Paragraph 1 in Martov's draft: "A member of the Russian Social-Democratic Labour Party is one who, accepting its programme, works actively to accomplish its aims under the control and direction of the organs [sic!] of the Party."

Paragraph 1 in my draft: "A member of the Party is one who accepts its programme and who supports the Party both financially and by personal participation in one of the Party organisations."

Paragraph 1 as formulated by Martov at the Congress and adopted by the Congress: "A member of the Russian Social-Democratic Labour Party is one who accepts its programme, supports the Party financially, and renders it regular personal assistance under the direction of one of its organisations."



Should the definition of "membership" be revisited?

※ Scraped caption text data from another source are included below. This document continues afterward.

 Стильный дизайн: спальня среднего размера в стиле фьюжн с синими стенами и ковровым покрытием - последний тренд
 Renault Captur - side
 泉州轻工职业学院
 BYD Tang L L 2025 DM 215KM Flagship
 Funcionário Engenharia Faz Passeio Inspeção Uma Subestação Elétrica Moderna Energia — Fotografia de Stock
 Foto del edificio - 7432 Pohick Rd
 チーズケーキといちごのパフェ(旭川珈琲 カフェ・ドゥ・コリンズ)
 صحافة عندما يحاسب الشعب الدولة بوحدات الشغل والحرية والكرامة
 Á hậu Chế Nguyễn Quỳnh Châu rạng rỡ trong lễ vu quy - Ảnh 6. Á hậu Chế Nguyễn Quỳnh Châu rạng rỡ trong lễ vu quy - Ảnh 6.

http://www.revleft.com/vb/showpost.php?p=1179737&postcount=14


The SPGB's (and WSM's) approach seems to be a very low-yield/low-stress type of affair, meaning they don't expect to have a huge impact on daily events in a short time span (instead counting on the slow accumulation of their educational and persuasive efforts over time), but this also means that being a part of the organization is very low-impact. One is not apparently ordered around to devote a lot of time and energy (and money) to various reformist campaigns (and nor does the SPGB try to intrude a whole lot into personal lives, it seems). Instead, one quietly makes one's case to people, and otherwise the group's activities consist of refining their internal socialist vision through imaginative discussions. I expect that, for this reason, they have a very low "burnout" of activists who join. So even though they probably aren't constantly getting new recruits (and pushing their existing members to do constant recruiting drives), they keep the members that they do have for a whole, and those members become more knowledgeable and higher-quality members over time. This has probably contributed to the organization's longevity. I think this is a worthwhile model that bears some consideration for prospective leftist groups.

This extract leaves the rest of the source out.